(Bloomberg) — Robert Frank, the Swiss-born photographer who captured the loneliness and heartache of life in his 1958 book “The Americans” and became a trailblazer for the Beat Generation, has died. He was 94.
He died on Monday in Inverness, Nova Scotia. His death was confirmed by Peter MacGill of Pace-MacGill Gallery in Manhattan, according to the New York Times.
Frank challenged predominant images of the day, viewing U.S. society through the lens of an outsider to expose the poverty, racism and alienation previously ignored in portrayals of the American dream. From passengers inside a trolley bus in New Orleans to Ford factory workers in Michigan and a lone rodeo cowboy in New York, Frank’s offbeat pictures struck a chord with a generation that redefined the nation’s cultural identity.

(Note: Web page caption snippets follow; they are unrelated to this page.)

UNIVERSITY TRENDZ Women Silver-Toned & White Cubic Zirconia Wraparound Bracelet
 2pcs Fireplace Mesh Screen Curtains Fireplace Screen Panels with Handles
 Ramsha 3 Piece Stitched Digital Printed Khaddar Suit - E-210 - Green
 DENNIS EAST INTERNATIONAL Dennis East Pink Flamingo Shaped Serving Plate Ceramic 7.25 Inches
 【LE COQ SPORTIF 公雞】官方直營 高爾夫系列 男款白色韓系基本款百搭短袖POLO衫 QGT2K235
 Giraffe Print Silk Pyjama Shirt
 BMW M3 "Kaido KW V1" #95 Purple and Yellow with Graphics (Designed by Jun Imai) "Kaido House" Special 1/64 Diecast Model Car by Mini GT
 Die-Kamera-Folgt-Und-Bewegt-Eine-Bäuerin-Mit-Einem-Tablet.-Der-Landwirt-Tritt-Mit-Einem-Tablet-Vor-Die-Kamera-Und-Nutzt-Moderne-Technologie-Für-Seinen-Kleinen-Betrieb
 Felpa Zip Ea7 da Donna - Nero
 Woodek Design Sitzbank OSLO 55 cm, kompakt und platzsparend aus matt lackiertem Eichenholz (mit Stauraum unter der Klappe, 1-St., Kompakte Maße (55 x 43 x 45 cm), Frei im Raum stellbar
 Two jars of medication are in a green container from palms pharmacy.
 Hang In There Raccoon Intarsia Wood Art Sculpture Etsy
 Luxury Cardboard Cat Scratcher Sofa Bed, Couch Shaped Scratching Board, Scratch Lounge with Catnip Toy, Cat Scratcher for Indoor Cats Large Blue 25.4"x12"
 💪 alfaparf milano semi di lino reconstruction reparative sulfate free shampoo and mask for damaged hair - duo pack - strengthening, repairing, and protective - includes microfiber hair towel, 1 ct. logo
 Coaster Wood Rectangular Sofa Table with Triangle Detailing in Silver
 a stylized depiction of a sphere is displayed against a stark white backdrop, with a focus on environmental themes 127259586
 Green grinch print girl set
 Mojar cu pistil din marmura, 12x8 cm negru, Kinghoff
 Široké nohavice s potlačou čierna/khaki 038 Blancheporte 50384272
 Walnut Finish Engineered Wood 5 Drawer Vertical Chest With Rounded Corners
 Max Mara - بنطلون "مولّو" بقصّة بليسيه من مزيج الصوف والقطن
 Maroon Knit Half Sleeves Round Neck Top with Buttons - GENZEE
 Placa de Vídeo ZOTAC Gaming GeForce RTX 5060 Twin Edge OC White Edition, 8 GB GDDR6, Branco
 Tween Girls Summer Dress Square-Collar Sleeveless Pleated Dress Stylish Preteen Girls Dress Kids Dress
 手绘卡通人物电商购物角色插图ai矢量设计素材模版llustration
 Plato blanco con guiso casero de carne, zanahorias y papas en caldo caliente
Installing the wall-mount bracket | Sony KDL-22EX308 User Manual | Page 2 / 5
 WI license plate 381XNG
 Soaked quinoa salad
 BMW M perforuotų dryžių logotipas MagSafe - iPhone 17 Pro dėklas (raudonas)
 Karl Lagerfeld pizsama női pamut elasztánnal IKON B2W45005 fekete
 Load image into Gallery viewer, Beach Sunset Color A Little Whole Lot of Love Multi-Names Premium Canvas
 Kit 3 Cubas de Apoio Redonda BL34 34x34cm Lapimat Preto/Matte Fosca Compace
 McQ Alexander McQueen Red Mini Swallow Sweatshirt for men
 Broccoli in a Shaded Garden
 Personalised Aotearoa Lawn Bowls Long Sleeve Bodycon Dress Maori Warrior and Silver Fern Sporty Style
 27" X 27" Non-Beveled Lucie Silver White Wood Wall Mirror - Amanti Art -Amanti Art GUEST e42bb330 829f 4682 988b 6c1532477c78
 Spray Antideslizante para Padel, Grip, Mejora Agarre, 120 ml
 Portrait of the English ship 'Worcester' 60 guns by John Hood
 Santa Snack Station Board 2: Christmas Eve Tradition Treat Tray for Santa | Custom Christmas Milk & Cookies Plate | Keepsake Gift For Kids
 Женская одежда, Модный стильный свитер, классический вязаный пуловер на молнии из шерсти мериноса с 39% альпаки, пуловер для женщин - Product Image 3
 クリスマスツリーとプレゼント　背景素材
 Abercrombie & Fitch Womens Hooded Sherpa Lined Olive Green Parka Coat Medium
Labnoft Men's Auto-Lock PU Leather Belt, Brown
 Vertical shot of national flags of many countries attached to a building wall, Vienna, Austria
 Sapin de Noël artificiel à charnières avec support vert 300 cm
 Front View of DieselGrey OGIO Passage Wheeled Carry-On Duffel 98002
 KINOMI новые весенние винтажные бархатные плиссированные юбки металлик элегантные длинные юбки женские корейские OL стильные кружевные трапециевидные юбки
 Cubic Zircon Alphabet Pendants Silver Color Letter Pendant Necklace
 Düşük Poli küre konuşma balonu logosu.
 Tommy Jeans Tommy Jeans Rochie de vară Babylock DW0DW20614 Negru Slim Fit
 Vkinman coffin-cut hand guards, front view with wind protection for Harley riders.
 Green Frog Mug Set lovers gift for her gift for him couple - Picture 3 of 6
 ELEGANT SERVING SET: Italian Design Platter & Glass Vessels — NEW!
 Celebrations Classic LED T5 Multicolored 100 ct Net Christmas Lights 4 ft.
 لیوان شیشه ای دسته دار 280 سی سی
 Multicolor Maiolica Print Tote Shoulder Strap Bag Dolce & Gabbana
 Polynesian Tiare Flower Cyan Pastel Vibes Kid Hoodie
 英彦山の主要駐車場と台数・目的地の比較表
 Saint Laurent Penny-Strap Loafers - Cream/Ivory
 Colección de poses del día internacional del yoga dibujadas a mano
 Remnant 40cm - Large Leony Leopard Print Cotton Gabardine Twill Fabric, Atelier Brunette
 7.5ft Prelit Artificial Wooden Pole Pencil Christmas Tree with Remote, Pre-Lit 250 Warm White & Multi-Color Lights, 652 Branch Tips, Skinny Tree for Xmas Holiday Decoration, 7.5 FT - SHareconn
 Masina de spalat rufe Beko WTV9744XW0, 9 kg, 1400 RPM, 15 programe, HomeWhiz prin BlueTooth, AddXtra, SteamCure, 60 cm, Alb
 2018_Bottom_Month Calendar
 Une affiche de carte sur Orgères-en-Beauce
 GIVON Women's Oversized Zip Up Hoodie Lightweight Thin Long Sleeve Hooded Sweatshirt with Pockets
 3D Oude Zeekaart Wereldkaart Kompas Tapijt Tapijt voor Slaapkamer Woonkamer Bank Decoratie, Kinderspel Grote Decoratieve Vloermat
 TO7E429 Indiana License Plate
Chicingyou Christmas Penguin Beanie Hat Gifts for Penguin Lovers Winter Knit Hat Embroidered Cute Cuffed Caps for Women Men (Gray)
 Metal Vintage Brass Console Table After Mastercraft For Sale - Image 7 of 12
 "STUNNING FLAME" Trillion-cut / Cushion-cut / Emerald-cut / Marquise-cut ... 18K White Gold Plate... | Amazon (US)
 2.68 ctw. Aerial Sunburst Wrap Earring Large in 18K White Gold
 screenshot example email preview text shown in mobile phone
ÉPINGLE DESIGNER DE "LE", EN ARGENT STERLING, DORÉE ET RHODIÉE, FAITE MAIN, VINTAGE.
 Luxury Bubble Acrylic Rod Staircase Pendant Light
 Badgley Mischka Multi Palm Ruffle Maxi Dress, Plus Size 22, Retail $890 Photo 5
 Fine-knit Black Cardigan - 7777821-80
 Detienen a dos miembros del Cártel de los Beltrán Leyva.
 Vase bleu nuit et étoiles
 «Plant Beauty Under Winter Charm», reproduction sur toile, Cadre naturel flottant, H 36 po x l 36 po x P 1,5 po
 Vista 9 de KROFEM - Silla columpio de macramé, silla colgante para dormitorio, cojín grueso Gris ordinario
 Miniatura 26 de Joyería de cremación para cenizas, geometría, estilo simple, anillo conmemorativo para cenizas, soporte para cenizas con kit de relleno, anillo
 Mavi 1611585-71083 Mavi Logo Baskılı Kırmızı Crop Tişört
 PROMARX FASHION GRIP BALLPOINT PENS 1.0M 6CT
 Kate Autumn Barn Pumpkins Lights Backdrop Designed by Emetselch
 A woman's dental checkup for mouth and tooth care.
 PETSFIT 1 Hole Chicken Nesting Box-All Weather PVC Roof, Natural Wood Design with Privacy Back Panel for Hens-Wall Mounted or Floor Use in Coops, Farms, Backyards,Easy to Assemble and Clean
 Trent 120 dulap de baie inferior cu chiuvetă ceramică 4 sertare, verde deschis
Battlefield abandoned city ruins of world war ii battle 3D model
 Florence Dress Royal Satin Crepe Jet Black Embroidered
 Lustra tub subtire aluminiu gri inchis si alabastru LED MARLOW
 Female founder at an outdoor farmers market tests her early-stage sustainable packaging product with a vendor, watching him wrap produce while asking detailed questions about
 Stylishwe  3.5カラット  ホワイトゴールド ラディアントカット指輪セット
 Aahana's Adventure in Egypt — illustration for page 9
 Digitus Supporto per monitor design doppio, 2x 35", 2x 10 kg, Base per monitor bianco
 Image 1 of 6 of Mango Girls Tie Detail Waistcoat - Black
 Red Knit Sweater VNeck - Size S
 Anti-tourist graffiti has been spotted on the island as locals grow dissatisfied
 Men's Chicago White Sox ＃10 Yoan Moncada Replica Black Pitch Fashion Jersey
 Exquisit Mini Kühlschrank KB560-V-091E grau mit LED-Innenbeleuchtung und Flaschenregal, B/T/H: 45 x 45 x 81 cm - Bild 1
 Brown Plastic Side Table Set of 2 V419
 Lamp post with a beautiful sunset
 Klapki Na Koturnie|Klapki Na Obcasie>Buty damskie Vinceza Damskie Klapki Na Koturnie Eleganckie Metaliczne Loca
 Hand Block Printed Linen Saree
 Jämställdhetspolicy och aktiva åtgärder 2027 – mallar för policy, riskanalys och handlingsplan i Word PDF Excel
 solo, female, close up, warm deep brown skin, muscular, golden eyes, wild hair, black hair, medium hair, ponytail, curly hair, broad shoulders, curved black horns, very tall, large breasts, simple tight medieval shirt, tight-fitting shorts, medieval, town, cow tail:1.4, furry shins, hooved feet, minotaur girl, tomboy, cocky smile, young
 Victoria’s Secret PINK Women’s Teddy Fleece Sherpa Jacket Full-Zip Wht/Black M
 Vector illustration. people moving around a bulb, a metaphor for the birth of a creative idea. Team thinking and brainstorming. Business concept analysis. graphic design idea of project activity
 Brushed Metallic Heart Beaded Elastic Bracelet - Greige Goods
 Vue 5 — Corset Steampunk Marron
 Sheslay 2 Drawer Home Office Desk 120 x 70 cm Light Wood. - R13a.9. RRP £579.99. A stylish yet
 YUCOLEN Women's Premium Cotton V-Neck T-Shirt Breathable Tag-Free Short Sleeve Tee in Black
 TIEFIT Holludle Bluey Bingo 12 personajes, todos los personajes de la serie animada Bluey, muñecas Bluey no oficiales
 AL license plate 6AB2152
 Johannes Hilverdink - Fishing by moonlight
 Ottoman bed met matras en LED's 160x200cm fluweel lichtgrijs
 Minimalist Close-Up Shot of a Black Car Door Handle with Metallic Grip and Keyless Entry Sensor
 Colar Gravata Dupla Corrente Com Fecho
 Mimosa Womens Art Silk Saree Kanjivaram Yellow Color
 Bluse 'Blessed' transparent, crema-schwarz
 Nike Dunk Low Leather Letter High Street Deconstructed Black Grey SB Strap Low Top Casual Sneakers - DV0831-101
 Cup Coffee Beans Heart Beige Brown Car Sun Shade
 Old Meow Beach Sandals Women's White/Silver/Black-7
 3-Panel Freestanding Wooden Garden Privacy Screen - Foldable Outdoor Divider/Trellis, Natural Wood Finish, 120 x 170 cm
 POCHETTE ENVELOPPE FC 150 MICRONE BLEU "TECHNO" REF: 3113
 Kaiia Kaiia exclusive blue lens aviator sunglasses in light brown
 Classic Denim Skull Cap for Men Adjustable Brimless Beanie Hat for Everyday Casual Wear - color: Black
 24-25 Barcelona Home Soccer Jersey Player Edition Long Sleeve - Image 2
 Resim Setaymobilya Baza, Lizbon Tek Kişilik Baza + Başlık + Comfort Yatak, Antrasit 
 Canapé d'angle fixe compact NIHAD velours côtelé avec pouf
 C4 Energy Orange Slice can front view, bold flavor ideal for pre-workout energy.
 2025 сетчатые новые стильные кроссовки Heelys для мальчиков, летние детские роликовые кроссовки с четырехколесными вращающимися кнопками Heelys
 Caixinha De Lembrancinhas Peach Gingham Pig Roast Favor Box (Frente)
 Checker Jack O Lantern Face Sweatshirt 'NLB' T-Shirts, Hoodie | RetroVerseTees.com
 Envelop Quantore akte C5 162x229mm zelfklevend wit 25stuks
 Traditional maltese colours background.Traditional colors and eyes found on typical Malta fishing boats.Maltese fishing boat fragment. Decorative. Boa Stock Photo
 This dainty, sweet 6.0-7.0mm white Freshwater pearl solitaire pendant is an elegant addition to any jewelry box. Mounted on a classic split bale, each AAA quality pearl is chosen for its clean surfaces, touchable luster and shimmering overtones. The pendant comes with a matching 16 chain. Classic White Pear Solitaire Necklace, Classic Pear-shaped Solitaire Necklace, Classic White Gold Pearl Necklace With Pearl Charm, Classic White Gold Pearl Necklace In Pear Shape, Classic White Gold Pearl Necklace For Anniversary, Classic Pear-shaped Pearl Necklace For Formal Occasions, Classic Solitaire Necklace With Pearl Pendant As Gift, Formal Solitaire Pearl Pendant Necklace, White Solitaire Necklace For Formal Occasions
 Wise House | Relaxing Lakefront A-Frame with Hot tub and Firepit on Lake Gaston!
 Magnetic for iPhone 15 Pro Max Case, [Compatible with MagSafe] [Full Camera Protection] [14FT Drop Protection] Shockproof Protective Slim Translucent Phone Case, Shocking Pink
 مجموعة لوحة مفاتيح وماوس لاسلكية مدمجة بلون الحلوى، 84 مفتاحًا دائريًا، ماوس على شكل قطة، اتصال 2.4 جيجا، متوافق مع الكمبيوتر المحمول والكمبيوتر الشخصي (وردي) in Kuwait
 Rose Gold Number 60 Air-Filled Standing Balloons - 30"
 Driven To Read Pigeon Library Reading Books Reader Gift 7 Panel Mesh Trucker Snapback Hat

“He sucked a sad poem right out of America onto film, taking rank among the tragic poets of the world,” Jack Kerouac, the author of the 1957 Beat classic “On the Road”, wrote in his introduction to Frank’s book. “To Robert Frank I now give this message: You got eyes.”
Initially panned by critics, the volume of 83 black-and-white photographs is now “widely celebrated as the most important photography book since World War II,” according to the National Gallery of Art in Washington. The U.S. edition of “The Americans” appeared in 1959.
Guggenheim Grant
From 1955 to 1956, Frank traveled across the U.S. on a Guggenheim Foundation grant to capture about 27,000 images of local life.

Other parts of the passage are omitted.